Wherever a line in the data below holds "Pink", copy that line.

■ ■ ■ ■

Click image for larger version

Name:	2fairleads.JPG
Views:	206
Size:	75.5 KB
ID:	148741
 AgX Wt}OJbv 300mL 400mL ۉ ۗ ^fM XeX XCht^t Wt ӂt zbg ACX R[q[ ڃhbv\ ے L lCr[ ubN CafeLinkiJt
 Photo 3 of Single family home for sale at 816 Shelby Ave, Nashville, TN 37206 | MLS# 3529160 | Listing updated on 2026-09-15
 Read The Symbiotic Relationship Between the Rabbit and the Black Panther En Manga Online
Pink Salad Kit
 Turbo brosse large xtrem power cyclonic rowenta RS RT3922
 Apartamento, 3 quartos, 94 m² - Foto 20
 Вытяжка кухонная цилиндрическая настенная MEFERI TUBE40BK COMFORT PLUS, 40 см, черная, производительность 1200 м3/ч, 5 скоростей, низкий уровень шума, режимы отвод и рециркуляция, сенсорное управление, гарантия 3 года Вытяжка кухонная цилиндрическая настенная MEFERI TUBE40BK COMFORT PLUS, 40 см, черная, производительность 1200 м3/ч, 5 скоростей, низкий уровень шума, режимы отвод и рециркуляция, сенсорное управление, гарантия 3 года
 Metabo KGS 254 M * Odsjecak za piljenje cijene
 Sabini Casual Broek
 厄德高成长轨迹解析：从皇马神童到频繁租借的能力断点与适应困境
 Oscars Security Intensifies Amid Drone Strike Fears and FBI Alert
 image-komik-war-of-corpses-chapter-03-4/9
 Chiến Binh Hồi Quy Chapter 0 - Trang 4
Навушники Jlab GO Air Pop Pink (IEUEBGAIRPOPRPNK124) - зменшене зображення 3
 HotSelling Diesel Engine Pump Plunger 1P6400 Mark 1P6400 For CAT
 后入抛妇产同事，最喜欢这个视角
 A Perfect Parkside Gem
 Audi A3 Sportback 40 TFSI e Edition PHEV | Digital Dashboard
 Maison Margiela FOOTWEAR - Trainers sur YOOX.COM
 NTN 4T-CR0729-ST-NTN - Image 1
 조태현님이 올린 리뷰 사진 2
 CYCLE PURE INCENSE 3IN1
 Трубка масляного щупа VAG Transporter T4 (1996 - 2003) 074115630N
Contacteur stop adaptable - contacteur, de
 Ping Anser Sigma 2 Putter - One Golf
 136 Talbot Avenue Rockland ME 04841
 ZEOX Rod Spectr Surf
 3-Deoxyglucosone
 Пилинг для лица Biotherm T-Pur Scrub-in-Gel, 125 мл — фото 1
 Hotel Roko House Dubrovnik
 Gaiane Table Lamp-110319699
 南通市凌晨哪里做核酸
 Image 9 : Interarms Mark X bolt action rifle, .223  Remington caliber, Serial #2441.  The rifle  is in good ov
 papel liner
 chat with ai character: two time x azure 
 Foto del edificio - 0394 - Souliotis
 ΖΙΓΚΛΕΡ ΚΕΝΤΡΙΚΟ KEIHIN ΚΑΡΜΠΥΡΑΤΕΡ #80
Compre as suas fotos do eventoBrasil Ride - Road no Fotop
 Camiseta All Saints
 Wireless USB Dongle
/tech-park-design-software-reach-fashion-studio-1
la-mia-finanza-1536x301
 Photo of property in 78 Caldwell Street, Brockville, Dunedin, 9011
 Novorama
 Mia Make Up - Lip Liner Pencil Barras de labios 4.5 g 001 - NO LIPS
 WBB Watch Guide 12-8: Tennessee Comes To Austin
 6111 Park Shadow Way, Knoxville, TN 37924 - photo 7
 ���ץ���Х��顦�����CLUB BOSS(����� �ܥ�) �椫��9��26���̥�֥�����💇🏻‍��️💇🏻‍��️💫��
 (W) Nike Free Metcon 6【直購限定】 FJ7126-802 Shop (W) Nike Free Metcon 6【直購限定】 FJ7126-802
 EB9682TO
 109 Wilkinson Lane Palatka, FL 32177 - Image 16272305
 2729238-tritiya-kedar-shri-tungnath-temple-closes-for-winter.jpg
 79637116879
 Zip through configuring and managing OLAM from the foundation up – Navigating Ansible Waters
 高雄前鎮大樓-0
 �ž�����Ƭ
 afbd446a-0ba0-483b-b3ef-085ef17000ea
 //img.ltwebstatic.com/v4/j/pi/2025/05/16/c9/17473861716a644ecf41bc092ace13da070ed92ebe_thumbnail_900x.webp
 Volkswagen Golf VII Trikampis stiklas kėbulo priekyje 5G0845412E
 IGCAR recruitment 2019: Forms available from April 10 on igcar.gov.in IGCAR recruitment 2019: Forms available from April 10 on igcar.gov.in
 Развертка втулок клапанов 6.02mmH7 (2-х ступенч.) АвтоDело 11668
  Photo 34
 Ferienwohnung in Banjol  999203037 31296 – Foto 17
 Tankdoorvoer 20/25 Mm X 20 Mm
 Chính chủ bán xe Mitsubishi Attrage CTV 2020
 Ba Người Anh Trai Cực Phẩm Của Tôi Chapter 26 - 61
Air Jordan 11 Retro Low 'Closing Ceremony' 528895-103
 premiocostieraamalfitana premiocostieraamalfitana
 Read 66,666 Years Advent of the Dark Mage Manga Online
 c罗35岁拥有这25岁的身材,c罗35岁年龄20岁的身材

■ ■ ■ ■

**PROBLEM SOLUTION:**
Pink Salad Kit
Навушники Jlab GO Air Pop Pink (IEUEBGAIRPOPRPNK124) - зменшене зображення 3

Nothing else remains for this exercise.